Das Problem: Der US-Amerikaner hat mehrere Millionen Dollar für die Karten bezahlt, die sich im Nachgang als gefälscht herausstellen. Das Video ist mittlerweile millionenfach geklickt worden. Danach war Pokémon als Kartenspiel wieder in aller Munde, und man machte sich auf die Jagd nach Pikachu und seinen Freunden.

Das dritte Kartenspiel, das die Oststraße zum Pilgerort für Nerds werden lässt: Yu-Gi-Oh!. „Plötzlich sind Rentner wieder Kinder. Sie sehen nur anders aus“, sagt Humrich augenzwinkernd. Und Nerds sei auch keine Beleidigung, sondern ein Fakt.

Doch was macht den Reiz der Spiele aus? „Man interagiert und spricht von Angesicht zu Angesicht miteinander“, sagt Humrich, der in seinem Laden auch Brettspiele verkauft, die, wie der 40-Jährige ausdrückt, nicht zum Mainstream gehören. Und nur solche, die er selbst gespielt hat und weiterempfehlen kann. „Ich baue gerade ein Repertoire an Brettspielen für Kinder ab drei Jahren auf“, sagt er.

Er habe nie gedacht, dass Brettspiele in jungen Jahren schon so wichtig seien. „Man merkt Jugendlichen an, ob sie in ihrer Kindheit Brettspiele gespielt haben oder nicht“, so der Experte: „Mit Mensch-ärgere-dich-nicht bekommt man aber keinen mehr von der Playstation weg.“

Nicht nur für Kinder: Warhammer ist ein Brettspiel für Erwachsene

Auch für Erwachsene gibt es Brettspiele. Warhammer heißt das, was im Fantasystore ganze Regale füllt. Entsprechend groß sind die Landschaften, auf denen die Menschheit und zahlreiche andere Spezies um die Vorherrschaft und das Überleben im Universum und das Erreichen von unzähligen Planeten bis hin zur Eroberung ganzer Systeme kämpfen. Und ähnlich groß wie das echte Universum ist das Warhammer-Universum.

Es gibt – wenig überraschend – Sammelkarten. Aber auch Romane, Filme oder PC-Spiele. Und natürlich Figuren. Denn Warhammer ist ein Tabletop-Spiel – es wird auf der Tischplatte gezockt. Die Modelle sind in 28-Millimeter-Größe gehalten, und zum Spiel gehört ein Maßband, denn die Figuren dürfen sich charakterspezifisch nur in einem gewissen Rahmen bewegen – und der wird im Regelwerk in Zoll definiert.

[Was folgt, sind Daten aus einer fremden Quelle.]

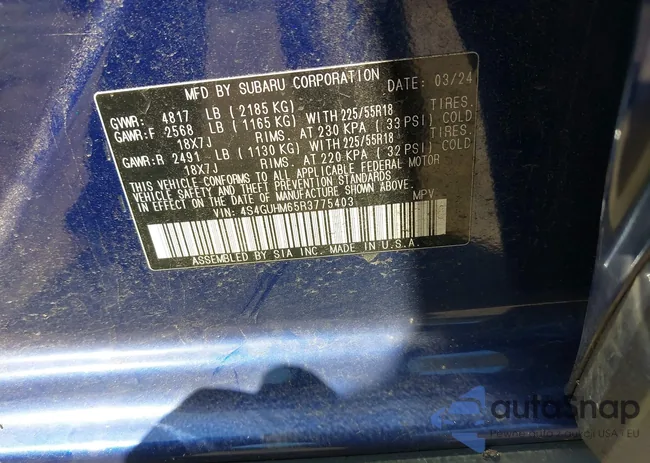 4S4GUHM65R3775403: 43198949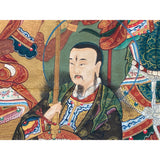 Large Chinese Canvas Art of The Three Great Emperor - Officials cs7164S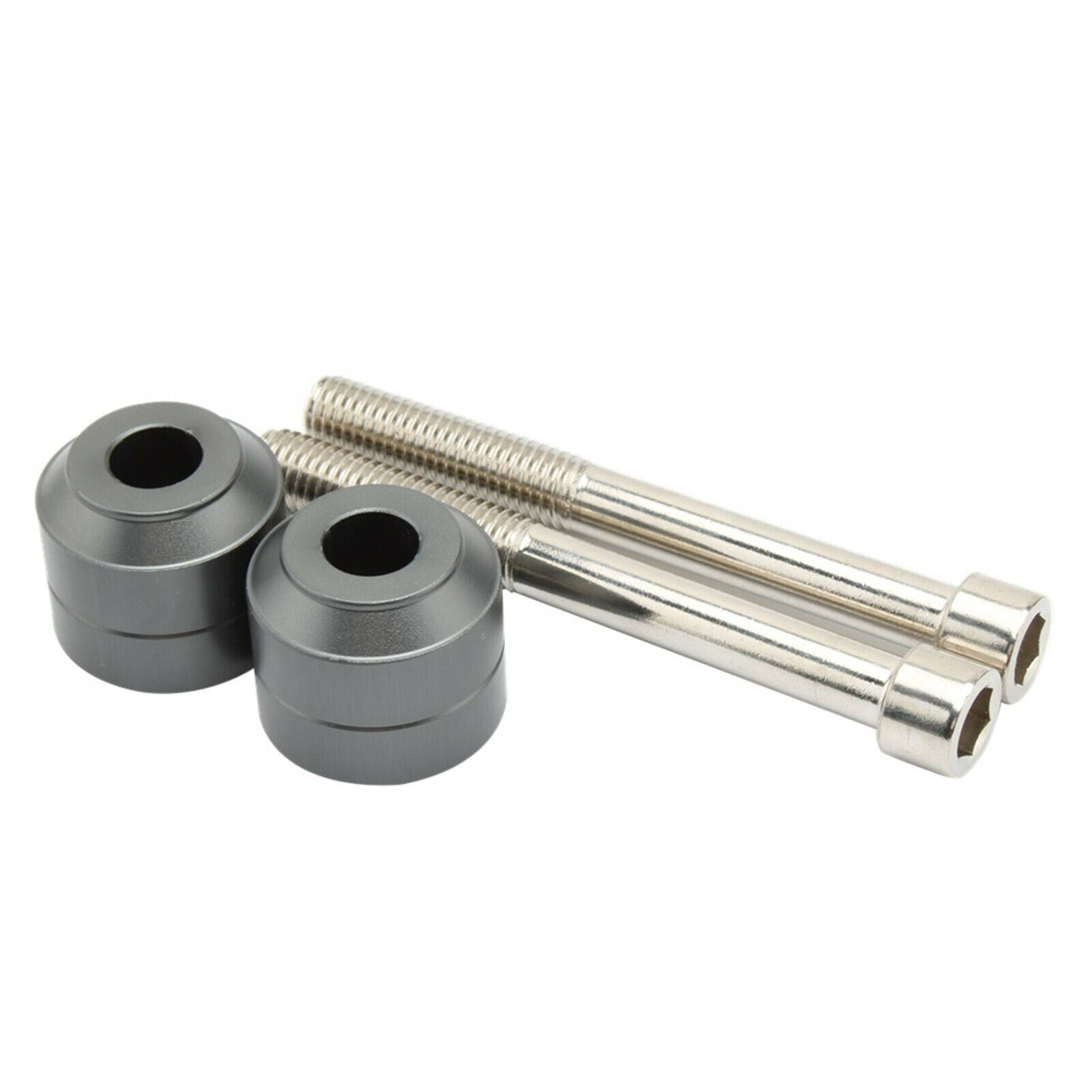 Alloy Handlebar Risers Kit for BMW F800GS F700GS Easy Install Premium Grey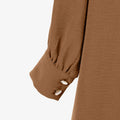Elegant Two-Piece Muslim Women's Wear – Solid Color Modest Fashion Outfit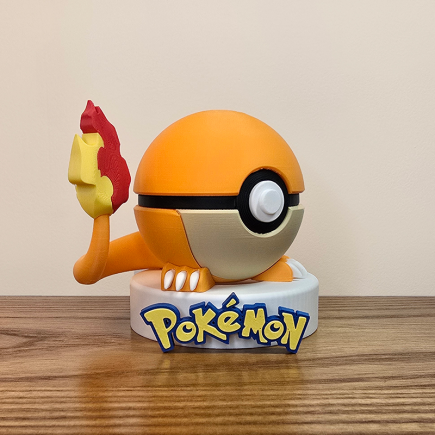 Salamèche - Charmander PokéBall Spéciale : Ajoutez du Feu à Votre Collection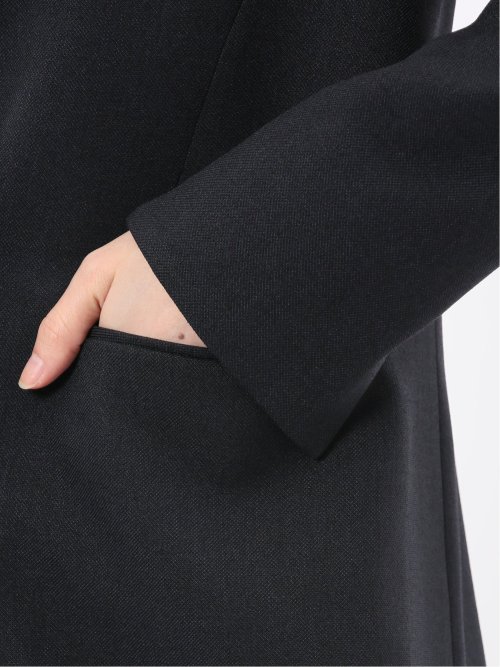 ストレッチウォッシャブル シャーク リラクシング ダブルジャケット 紺(セットアップ可能)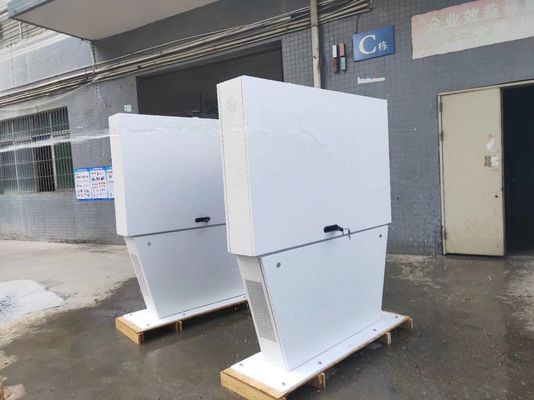 Sinalização digital de piso exterior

„Bei dem Spiel geht es nicht nur ums Gewinnen, sondern auch um das Drumherum. Wer das erste Mal eigene Figuren aufs Brett stellt, macht erst einmal Fotos“, sagt Humrich. Die Figuren werden nämlich nicht einfach aus einer Kiste geholt und in die fiktive Landschaft gestellt. Sie werden bemalt. Handbemalt. Der Fantasie und dem Detailreichtum sind keine Grenzen gesetzt. Und nicht selten werden Armeen individuell gestaltet, indem Figuren mithilfe zusätzlicher Kleinteile oder Modelliermasse umgebaut werden. In der „Maker-Szene“ kommt auch immer häufiger 3D-Druck zum Einsatz, um individuelle Modelle für Warhammer zu gestalten und herzustellen.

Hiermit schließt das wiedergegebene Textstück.